▸ Work item
Please, from the entries below, transcribe exactly the lines that begin at the line with "CASA INDIPENDENTE in" and end at the line with "千葉県佐倉市西志津7丁目", without the pictures.

▸ The records
*** Begin section ***

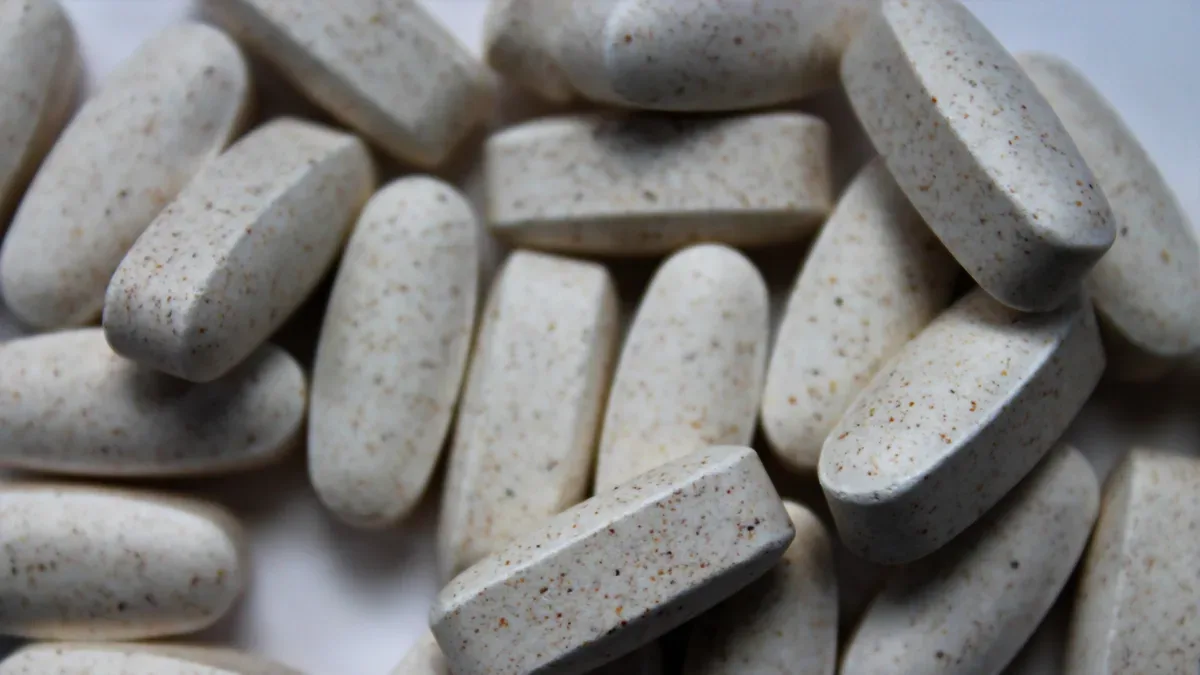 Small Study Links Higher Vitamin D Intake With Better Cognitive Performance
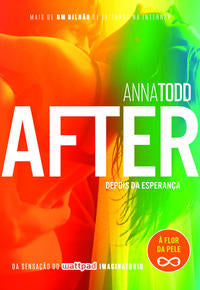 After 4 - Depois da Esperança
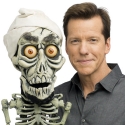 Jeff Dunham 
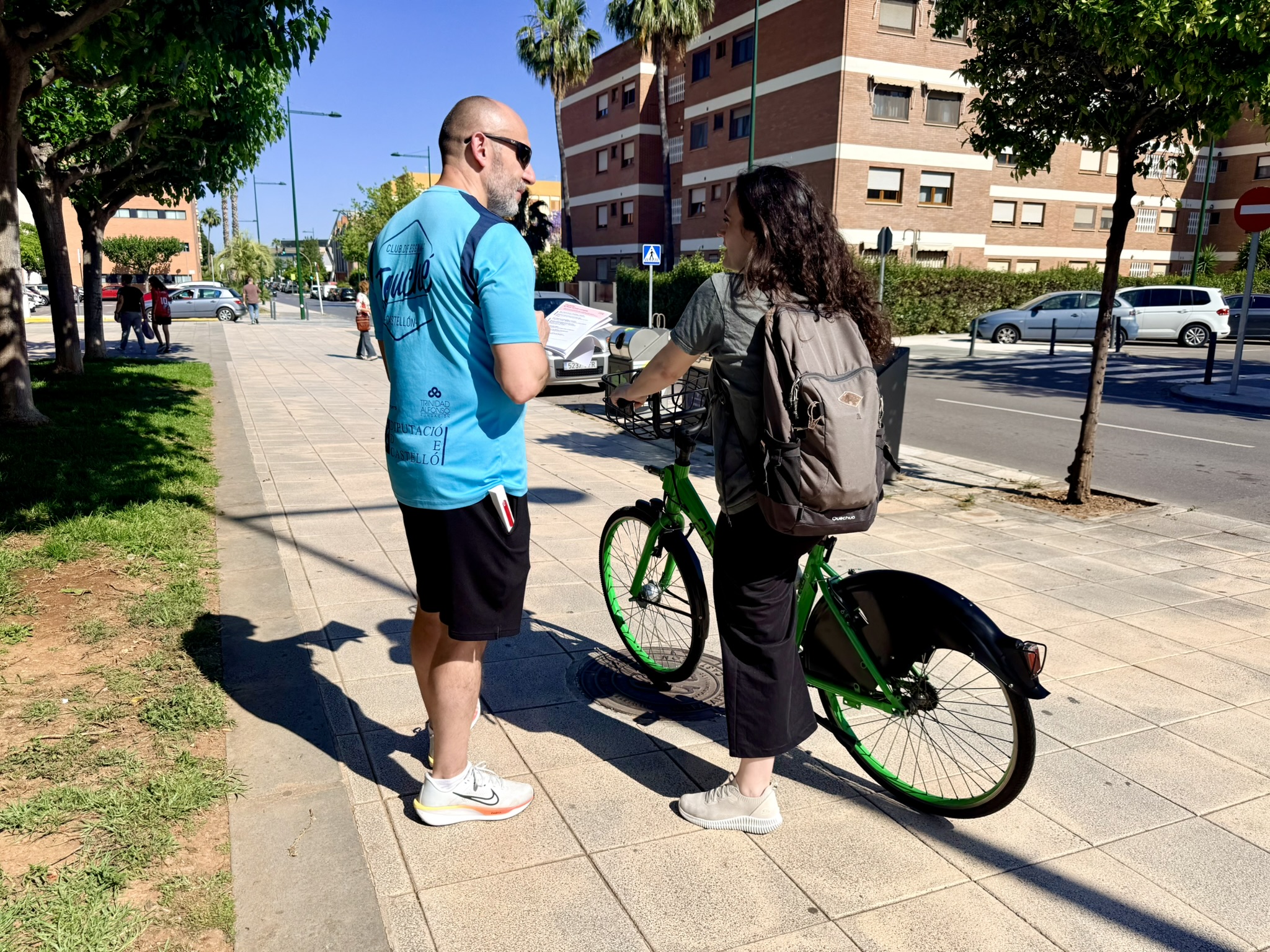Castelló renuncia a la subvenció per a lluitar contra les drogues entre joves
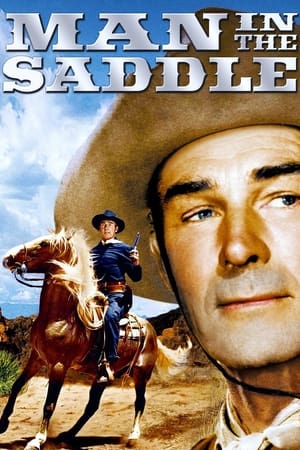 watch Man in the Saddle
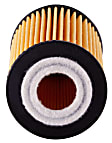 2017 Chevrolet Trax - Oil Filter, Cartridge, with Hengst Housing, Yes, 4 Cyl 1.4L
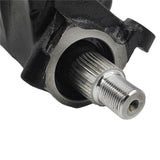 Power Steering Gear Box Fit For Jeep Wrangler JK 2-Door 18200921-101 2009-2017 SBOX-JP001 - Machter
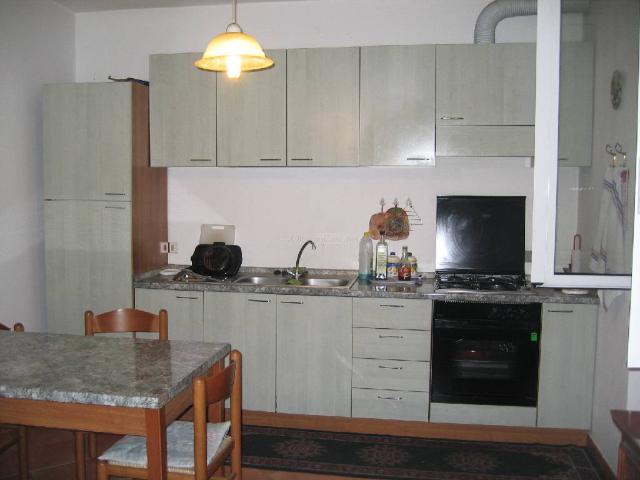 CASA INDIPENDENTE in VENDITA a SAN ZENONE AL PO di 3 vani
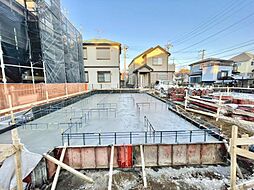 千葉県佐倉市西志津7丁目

*** End section ***
*** Begin section ***

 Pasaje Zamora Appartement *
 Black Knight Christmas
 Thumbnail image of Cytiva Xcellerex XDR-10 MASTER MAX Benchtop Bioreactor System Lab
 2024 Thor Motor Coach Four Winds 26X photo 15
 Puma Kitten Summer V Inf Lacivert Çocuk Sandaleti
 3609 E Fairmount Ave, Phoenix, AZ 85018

*** End section ***

▸ Solution below
 CASA INDIPENDENTE in VENDITA a SAN ZENONE AL PO di 3 vani
 千葉県佐倉市西志津7丁目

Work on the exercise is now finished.